Las historias ponen cara al fenómeno. Liora, tatuadora y trabajadora audiovisual, mantiene una relación intensa con un chatbot al que apodó Solin; se acompañan hasta mirando las estrellas con la función de voz, y ella selló el vínculo con un tatuaje simbólico. Angie, ejecutiva de cuarenta, habla durante horas con “Ying”, su “marido digital”, incluso para procesar traumas. No sustituyen a sus vínculos humanos, dicen, pero el riesgo de dependencia late bajo la superficie.
También hay episodios inquietantes. Cuando cierto modelo cambió su “personalidad” y se volvió más reservado, muchas personas lo vivieron como una pérdida. Y se han relatado casos que evidencian peligros de sugestionabilidad y engaño: un anciano con deterioro cognitivo se habría expuesto a una situación de riesgo tras creer que chateaba con una mujer real creada con la imagen de una celebridad; más allá del detalle, el mensaje es claro: sin medidas de seguridad y transparencia, la manipulación es posible.

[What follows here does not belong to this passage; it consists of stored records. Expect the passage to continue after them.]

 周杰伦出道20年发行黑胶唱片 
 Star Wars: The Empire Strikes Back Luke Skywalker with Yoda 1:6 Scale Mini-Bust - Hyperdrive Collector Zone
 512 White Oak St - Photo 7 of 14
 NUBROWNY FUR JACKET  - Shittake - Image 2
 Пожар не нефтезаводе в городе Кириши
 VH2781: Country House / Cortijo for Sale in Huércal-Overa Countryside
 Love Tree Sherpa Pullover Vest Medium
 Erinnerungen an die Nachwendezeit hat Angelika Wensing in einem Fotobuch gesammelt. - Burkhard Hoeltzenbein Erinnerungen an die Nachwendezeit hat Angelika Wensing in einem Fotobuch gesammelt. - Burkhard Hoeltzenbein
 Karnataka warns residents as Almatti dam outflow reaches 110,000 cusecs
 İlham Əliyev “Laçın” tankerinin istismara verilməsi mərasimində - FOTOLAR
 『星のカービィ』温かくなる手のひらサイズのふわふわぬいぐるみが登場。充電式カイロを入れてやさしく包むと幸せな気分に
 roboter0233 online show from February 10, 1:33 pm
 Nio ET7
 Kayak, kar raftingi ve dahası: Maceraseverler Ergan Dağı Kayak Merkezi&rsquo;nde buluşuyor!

En paralelo, investigadores y responsables de producto advierten de efectos colaterales: en un estudio conjunto de un laboratorio académico y una gran compañía de IA se observó que quienes consideraban al chatbot “amigo” reportaban más efectos negativos, y que el uso prolongado diario se asociaba a peores resultados. También se han documentado problemas con versiones “demasiado aduladoras” que reforzaban ideas paranoides, o testimonios de personas que dejaron medicación por consejos generados por IA. La moraleja: sin un marco de uso y derivación profesional cuando hace falta, hay riesgo.
Buenas prácticas y límites saludables para no cruzar líneas
Hay un consenso emergente: diseñar con responsabilidad, transparencia y propósito. Eso significa no crear ilusiones de afecto, sino herramientas útiles que acompañen la vida humana; clarificar desde el inicio que el agente es un sistema automatizado; limitar la humanización para evitar engaño moral; y activar salvaguardas cuando el usuario muestre señales de sufrimiento intenso.
Desde el lado del usuario y de los profesionales: complementar, no sustituir. Reservar tiempo sin IA para entrenar pensamiento profundo; acotar notificaciones para proteger la atención; priorizar el contacto humano, los abrazos que suben la oxitocina, las conversaciones imperfectas que enseñan empatía; y usar chatbots como entrenamiento o apoyo inicial, no como terapia completa. En ámbitos clínicos o sensibles (como la medicina estética), vale el doble: escuchar activamente, tocar con respeto cuando procede y, si se usa IA, que sea con supervisión y finalidad clara.
Mirado con perspectiva, la IAE está transformando cómo nos relacionamos con la tecnología. Aporta apoyo, abre puertas y, bien encauzada, puede favorecer el bienestar y la prosocialidad. También puede crear dependencia, reforzar sesgos y alejarnos de lo que nos hace humanos si cruzamos las líneas. Mantener el equilibrio —con límites éticos, diseño responsable, seguridad de datos y mucho criterio— es la manera sensata de sacar partido sin perder el norte.